INFORMATION SUPPLIED START

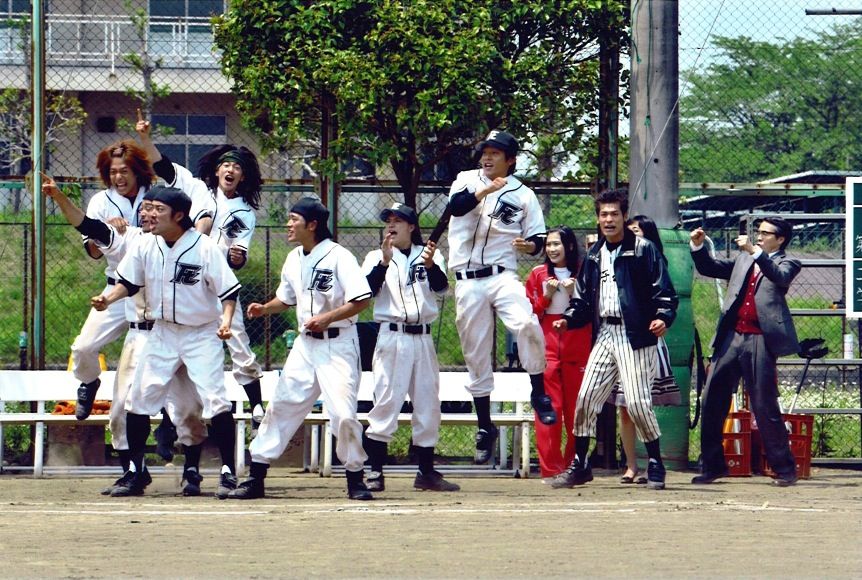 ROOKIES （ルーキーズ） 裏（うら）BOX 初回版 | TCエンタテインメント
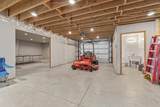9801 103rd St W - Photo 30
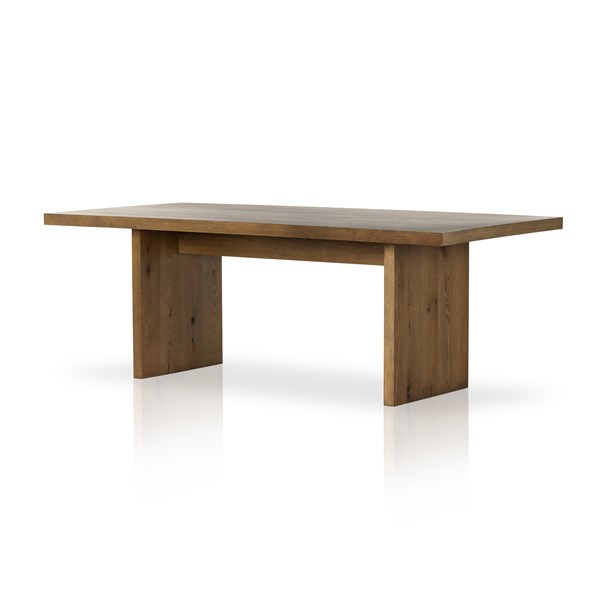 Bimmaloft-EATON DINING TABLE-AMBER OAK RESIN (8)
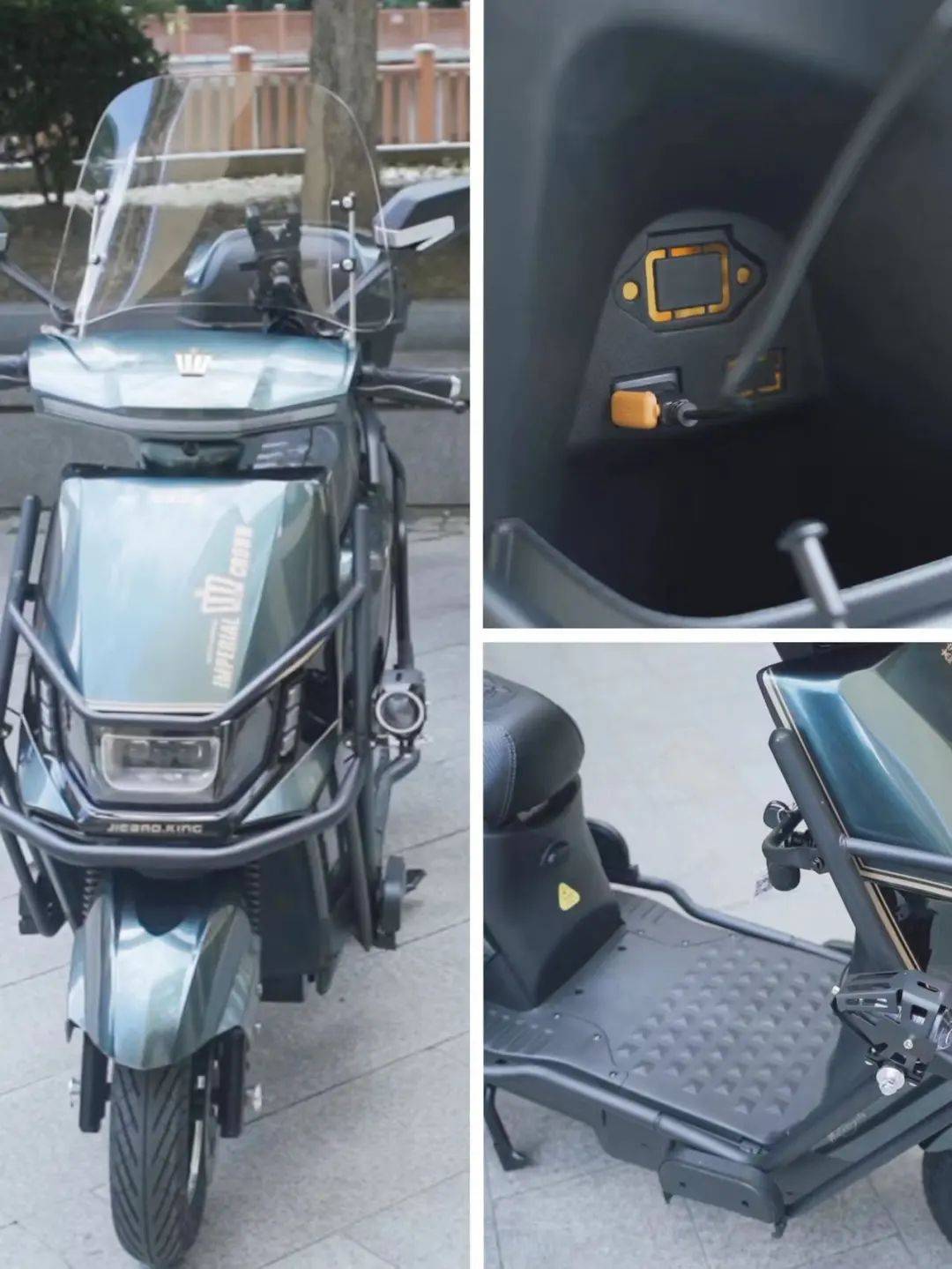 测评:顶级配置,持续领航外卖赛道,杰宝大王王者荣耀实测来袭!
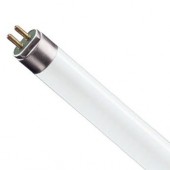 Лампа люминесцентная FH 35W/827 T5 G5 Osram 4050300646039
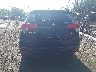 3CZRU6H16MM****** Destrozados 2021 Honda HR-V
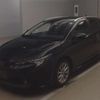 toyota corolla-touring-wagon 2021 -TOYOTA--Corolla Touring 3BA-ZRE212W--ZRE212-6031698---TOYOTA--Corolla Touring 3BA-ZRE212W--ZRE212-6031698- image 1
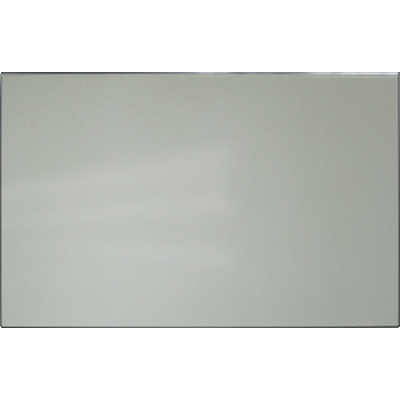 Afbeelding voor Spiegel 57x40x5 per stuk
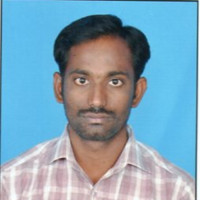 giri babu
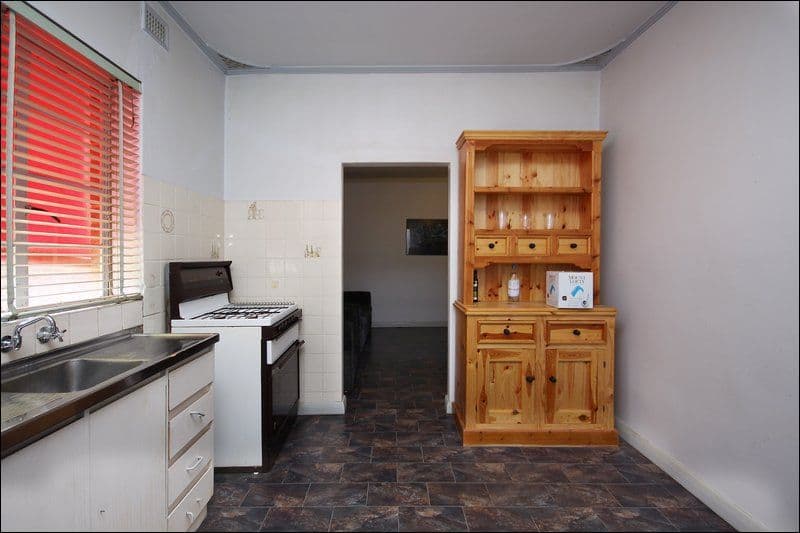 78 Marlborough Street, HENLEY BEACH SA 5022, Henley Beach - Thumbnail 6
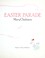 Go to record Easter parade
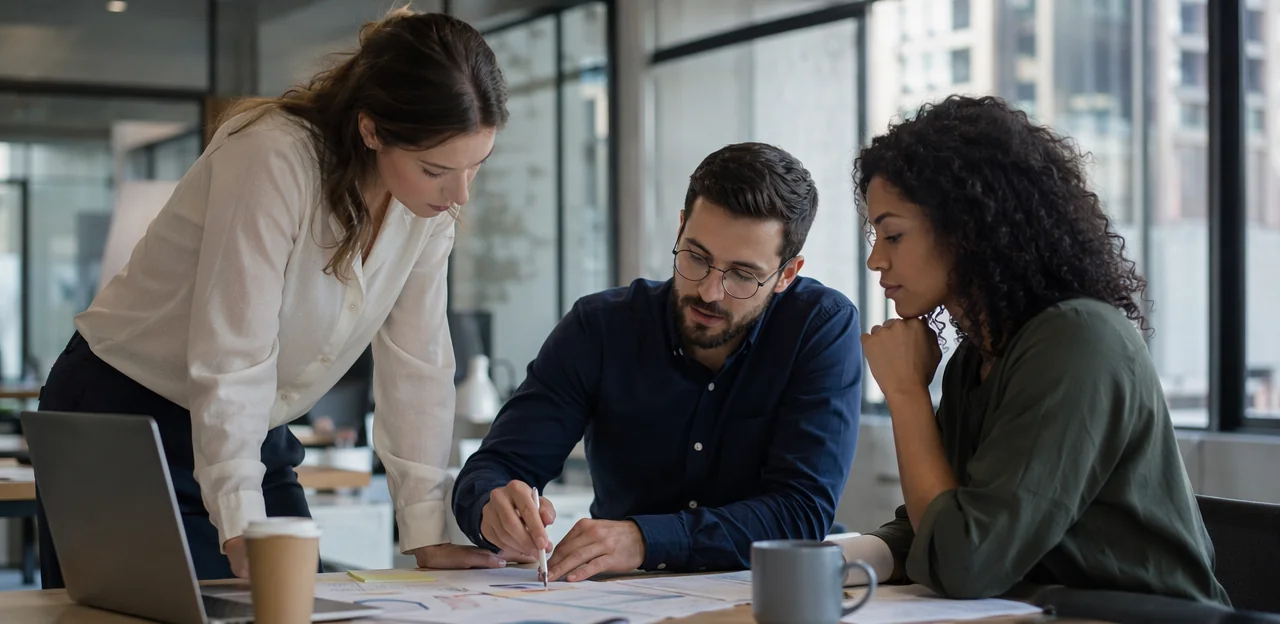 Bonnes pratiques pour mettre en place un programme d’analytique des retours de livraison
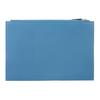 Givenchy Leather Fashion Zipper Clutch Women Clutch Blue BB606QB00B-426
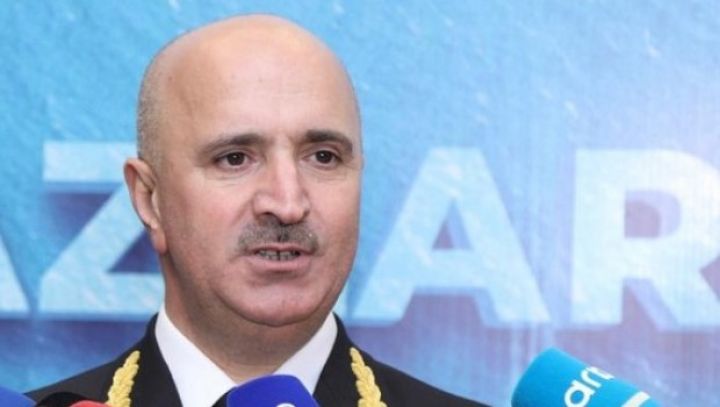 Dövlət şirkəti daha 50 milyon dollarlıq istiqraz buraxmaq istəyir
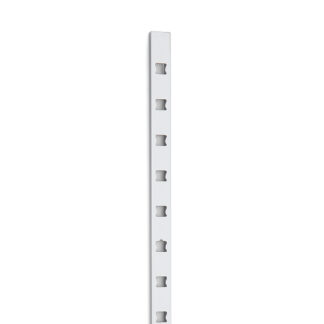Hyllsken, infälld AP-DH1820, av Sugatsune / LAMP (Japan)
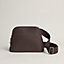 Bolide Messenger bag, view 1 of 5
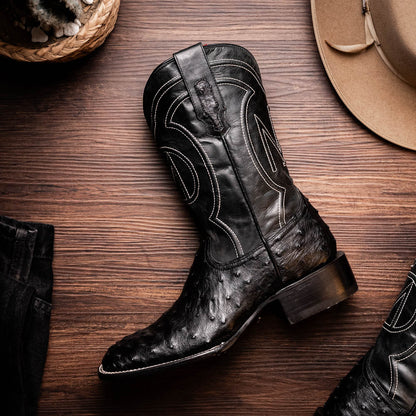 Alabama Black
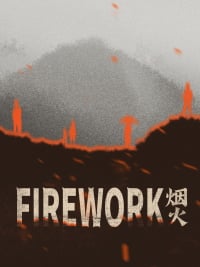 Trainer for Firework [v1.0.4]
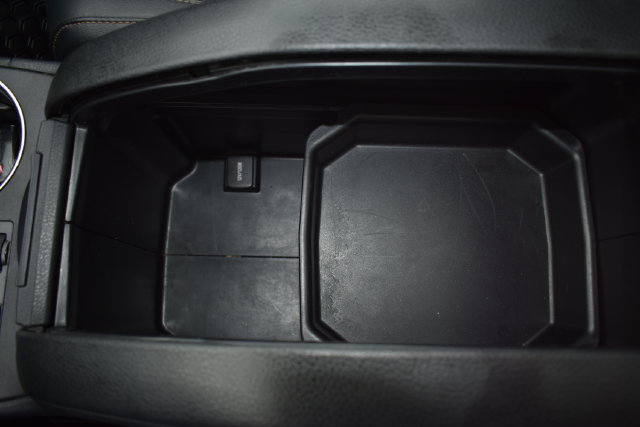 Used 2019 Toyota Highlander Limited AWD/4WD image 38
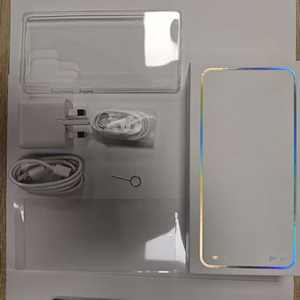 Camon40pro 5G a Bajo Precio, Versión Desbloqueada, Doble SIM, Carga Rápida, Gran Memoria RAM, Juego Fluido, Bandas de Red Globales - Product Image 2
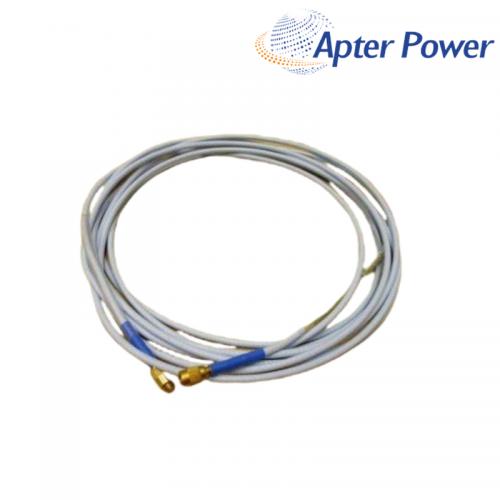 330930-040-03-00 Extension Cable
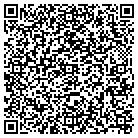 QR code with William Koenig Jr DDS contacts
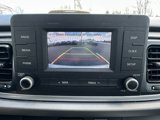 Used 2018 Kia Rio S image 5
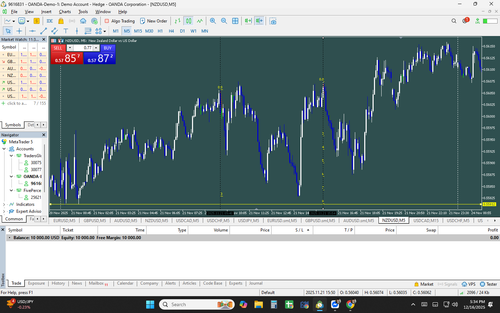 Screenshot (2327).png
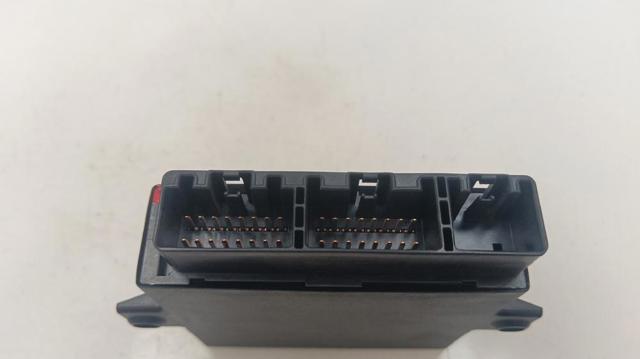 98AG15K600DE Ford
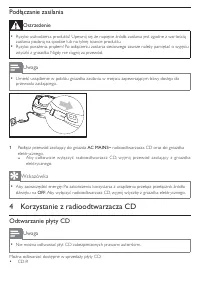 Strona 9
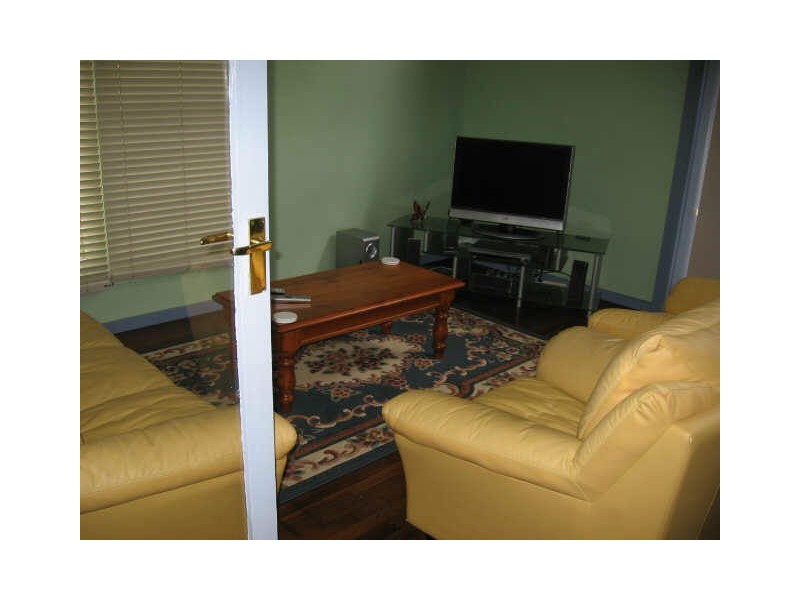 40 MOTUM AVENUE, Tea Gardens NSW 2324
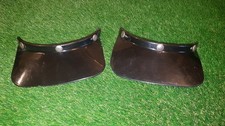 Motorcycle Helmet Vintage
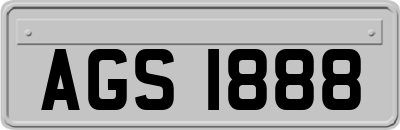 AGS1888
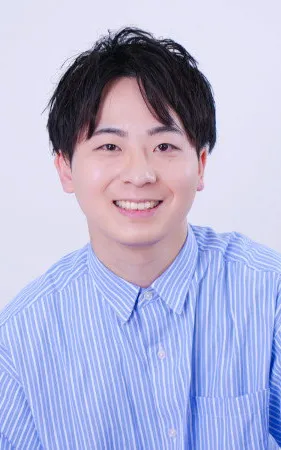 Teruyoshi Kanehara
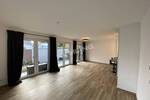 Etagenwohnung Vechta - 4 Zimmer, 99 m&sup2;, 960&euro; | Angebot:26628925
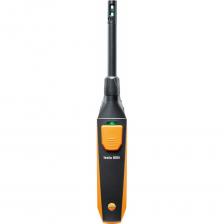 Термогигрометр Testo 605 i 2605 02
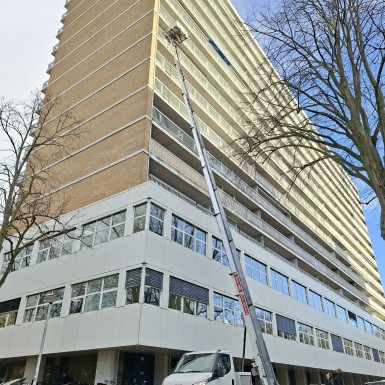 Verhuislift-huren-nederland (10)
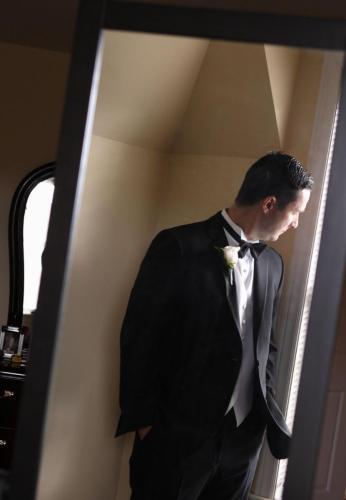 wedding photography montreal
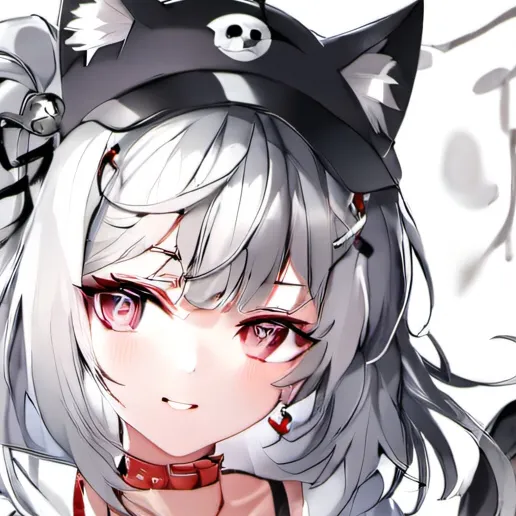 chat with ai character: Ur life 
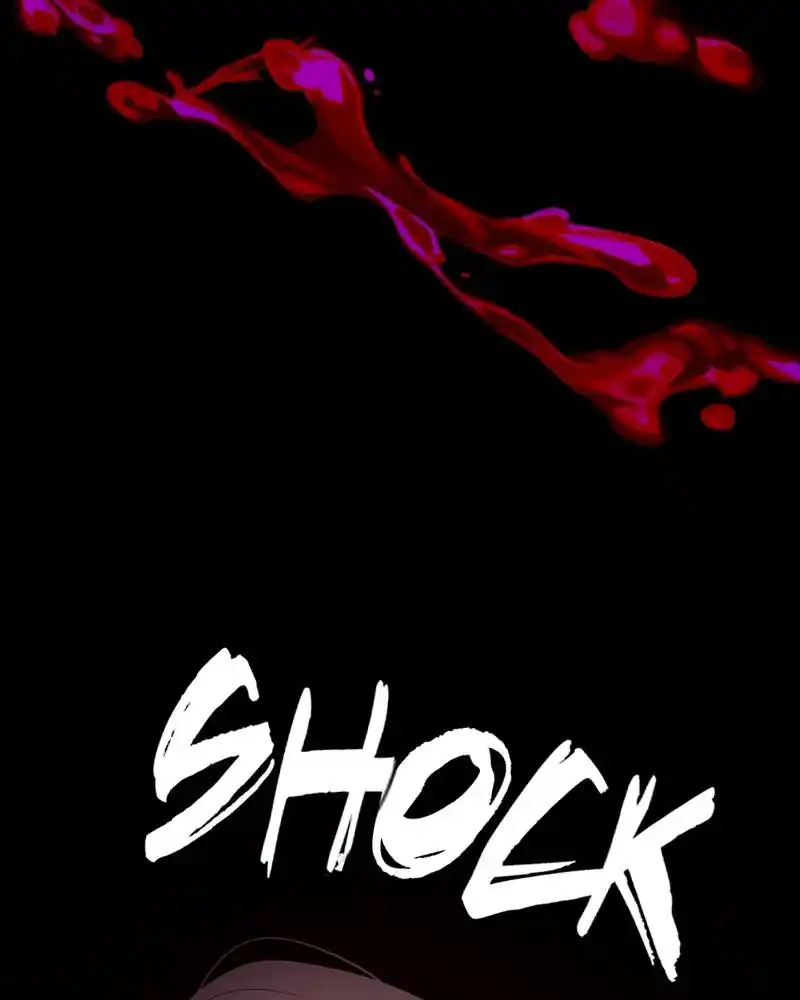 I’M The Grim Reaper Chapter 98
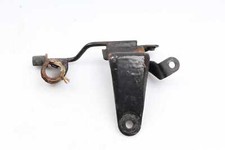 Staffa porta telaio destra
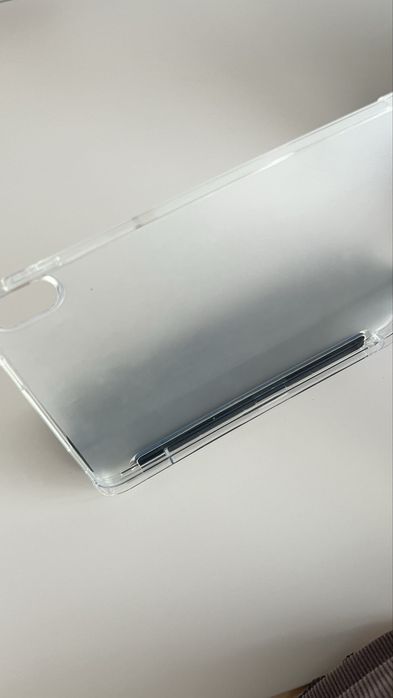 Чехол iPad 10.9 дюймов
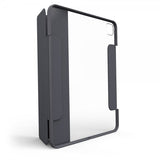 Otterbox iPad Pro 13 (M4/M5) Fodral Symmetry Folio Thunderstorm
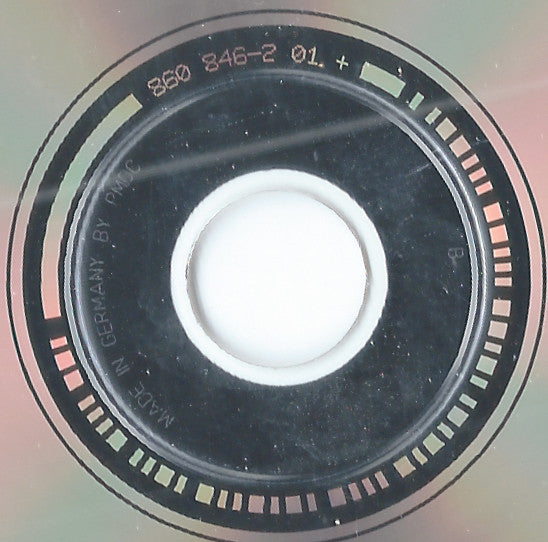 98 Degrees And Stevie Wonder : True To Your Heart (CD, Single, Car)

INFORMATION SUPPLIED END

* _YOUR INSTRUCTIONS_:
Only the lines above from the one containing "330930-040-03-00 Extension Cable" through the one containing "Otterbox iPad Pro" should be returned, verbatim and inclusive, with pictures excluded.

* _RESPONSE TO THIS EXERCISE_:
 330930-040-03-00 Extension Cable
 QR code with William Koenig Jr DDS contacts
 Used 2018 Kia Rio S image 5
 Screenshot (2327).png
 98AG15K600DE Ford
 Strona 9
 40 MOTUM AVENUE, Tea Gardens NSW 2324
 Motorcycle Helmet Vintage
 AGS1888
 Teruyoshi Kanehara
 Etagenwohnung Vechta - 4 Zimmer, 99 m&sup2;, 960&euro; | Angebot:26628925
 Термогигрометр Testo 605 i 2605 02
 Verhuislift-huren-nederland (10)
 wedding photography montreal
 chat with ai character: Ur life 
 I’M The Grim Reaper Chapter 98
 Staffa porta telaio destra
 Чехол iPad 10.9 дюймов
 Otterbox iPad Pro 13 (M4/M5) Fodral Symmetry Folio Thunderstorm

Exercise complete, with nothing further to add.